しかし、イザリオを救出したことで、フランも抗魔の攻撃対象になってしまっていた。イザリオと同時に、こちらにも魔力弾が飛んでくる。いや、イザリオとジェインの奥の手が発動するまでの時間を考えたら、いいことなのか? だが、攻撃が激し過ぎる!
フランはギリギリで直撃は避けているが、このままでは危険だろう。俺もフランもここまでの激戦で、かなり消耗してしまっていた。動きのキレが、かなり落ちているのだ。

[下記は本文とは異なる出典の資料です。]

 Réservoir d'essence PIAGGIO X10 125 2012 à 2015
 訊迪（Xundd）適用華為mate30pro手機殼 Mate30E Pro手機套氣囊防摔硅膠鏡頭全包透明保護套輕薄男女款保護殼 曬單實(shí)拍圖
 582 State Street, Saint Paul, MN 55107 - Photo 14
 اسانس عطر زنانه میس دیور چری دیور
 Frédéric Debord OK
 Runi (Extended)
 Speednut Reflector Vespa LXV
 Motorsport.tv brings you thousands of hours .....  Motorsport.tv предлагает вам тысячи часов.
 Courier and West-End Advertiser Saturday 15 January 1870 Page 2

それでもフランは魔力弾を見切り、スレスレで躱しつつ、俺で攻撃を斬り裂いている。
しかし、抗魔の放つ圧縮された魔力弾は、俺たちの想定以上に威力が凄まじかった。数回魔力弾を防御したところで、俺の刃が真っ二つに折れてしまう。
「師匠っ!」
『大丈夫だ! それよりも、躱せぇっ!』
「くああああ!」
『フラン! 無茶すんな!』
「くぅぅ……。だい、じょぶ」
俺がさらに破損することを怖れ、使うことを躊躇したらしい。魔力弾を、腕で無理やり弾いていた。フランの右肘から先が、千切れ飛ぶ。

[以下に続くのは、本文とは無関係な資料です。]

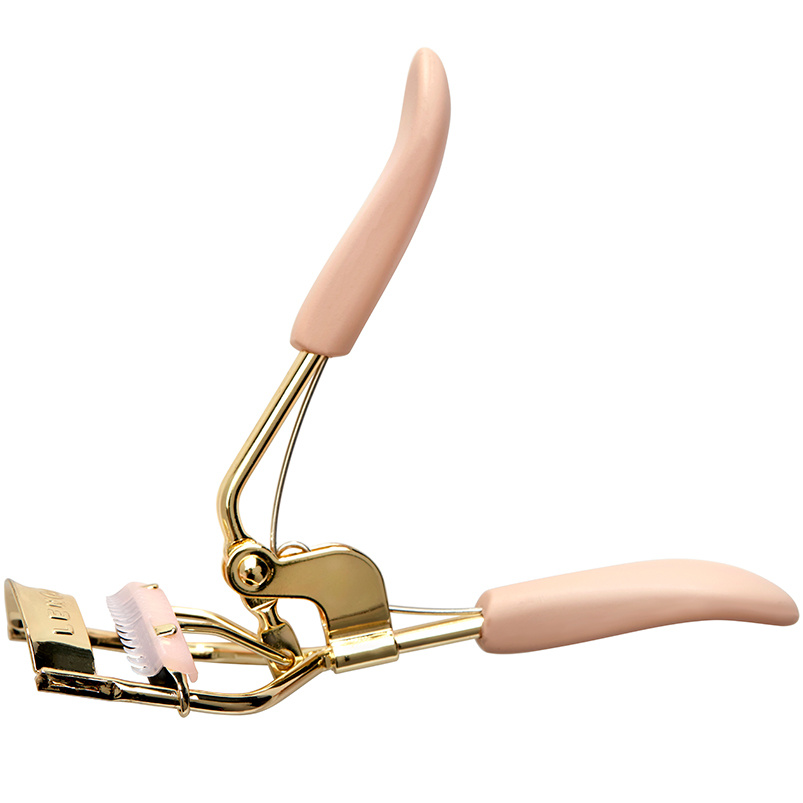 Lenoites Eyelash Curler Lash Lift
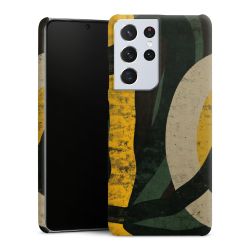 Premium Case matt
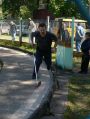 Filename=526.jpg
Filesize=81KB
Dimensions=375x500
Date added=Jun 03, 2008 526.jpg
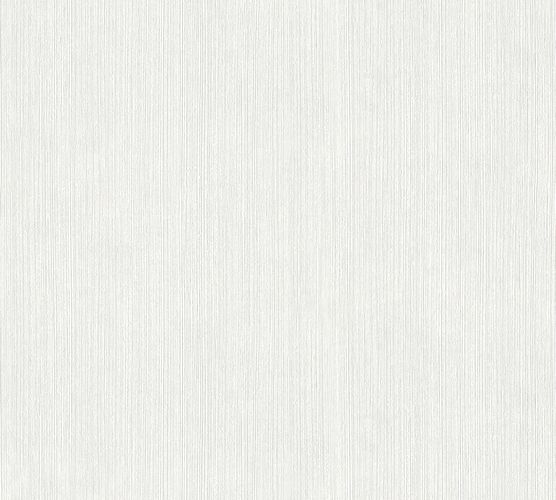 Tapeten Musterartikel 32006-1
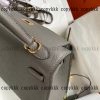 エルメス ケリー スーパー コピー n 級 品 後払い - nsvb45492 - 画像 (6)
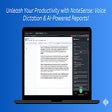 NoteSense icon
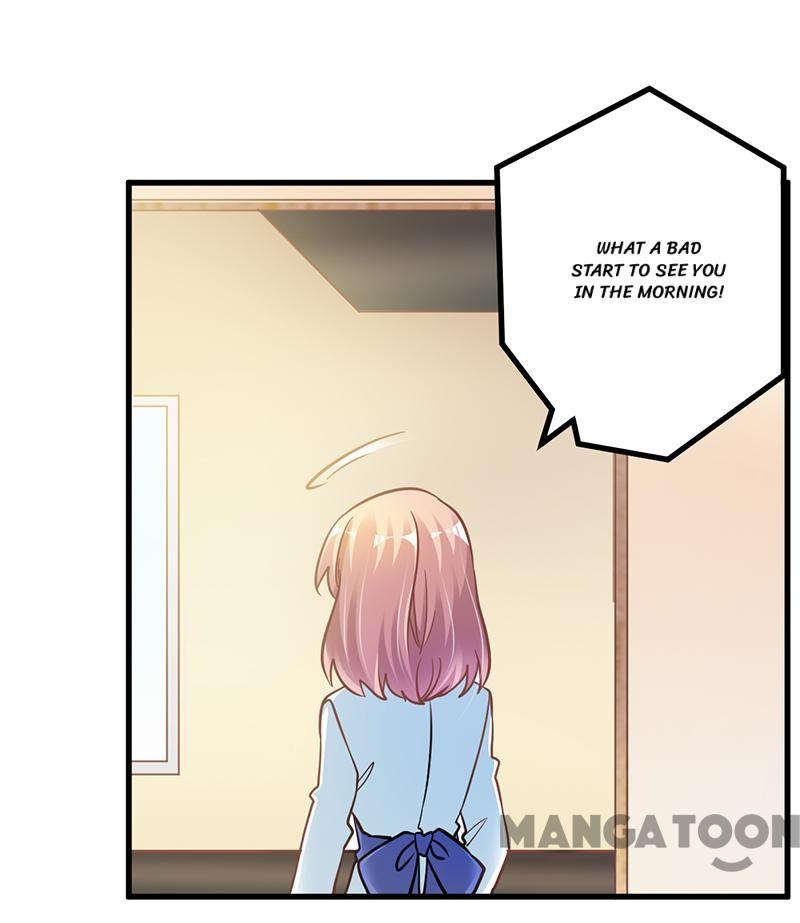 Page 8 of Chapter 109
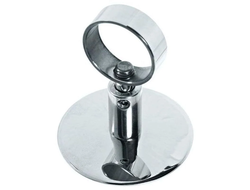 Крепление д/полотенцесушителя 3/4 не разборное [1272]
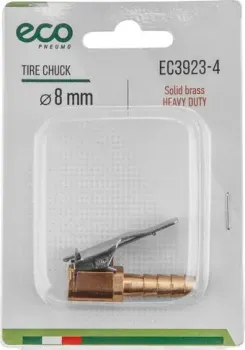 ECO EC3923-4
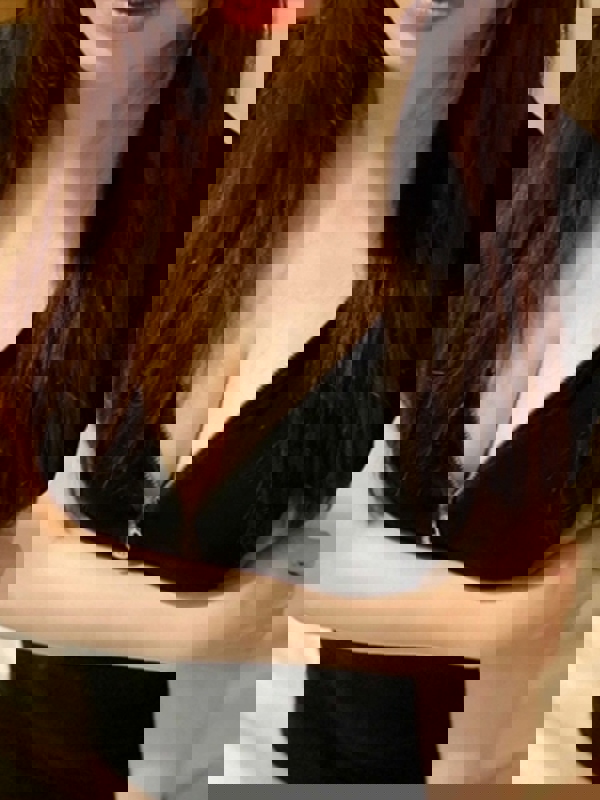 りんか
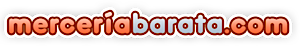 Merceria Barata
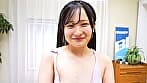ボレロとチラベスト 香坂ゆきな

千切れた手に握られて宙を飛びながら、俺は治癒魔術を全力発動させた。俺もフランも、瞬間再生ですぐに傷は塞がる。しかし、ダメージのせいでフランは足が軽くもつれ、逃げ遅れてしまっていた。
『うおおおぉぉぉぉ!』
俺は、フランの盾になるように滑り込む。障壁最大でどこまで耐えられる?
フランの顔が、悲痛に歪むのが分かった。だが、フランの想像した最悪の未来は訪れない。
俺とフランの間に、さらに人影が出現していたのだ。彼女は障壁を張って、魔力弾をなんとか防ぐ。腕が破損してしまったらしいが、そこから血が流れ出ることはなかった。

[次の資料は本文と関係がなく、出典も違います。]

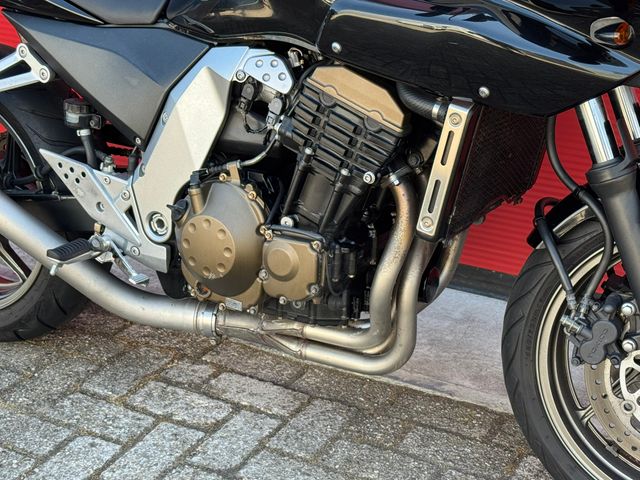 kawasaki - z-750-s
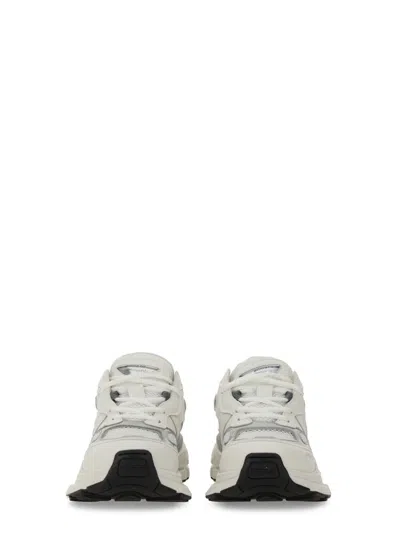 Axel Arigato Women's Sphere Runner Sneaker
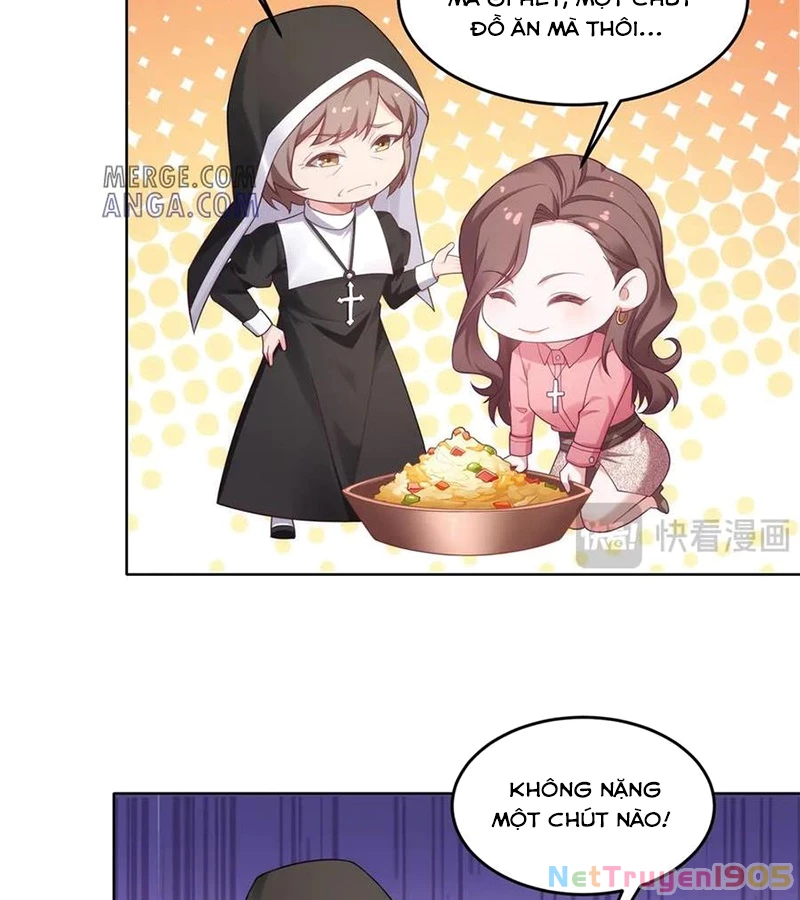Cửa hàng sủng vật thần kỳ Chapter 1 - 36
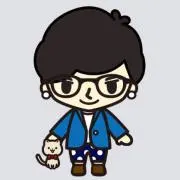 たらた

それどころか、痛みを覚えている様子もない。まあ、それも当然だ。何せその正体はゴーレムだからな。
「跳びます」
銀髪の女性は、フランを抱えて一気にジャンプした。魔力放出を使いながら、空中を滑るように駆けていく。
「なんで、ここにいる?」
「ナディア様に関しては、商人のムルサニに任せております。そして私がここにいるのは、我が身を最も有効に使い切るため」
そう答えたのは、神級鍛冶師ゼックスに作り出されたという人そっくりなゴーレム。銀の女であった。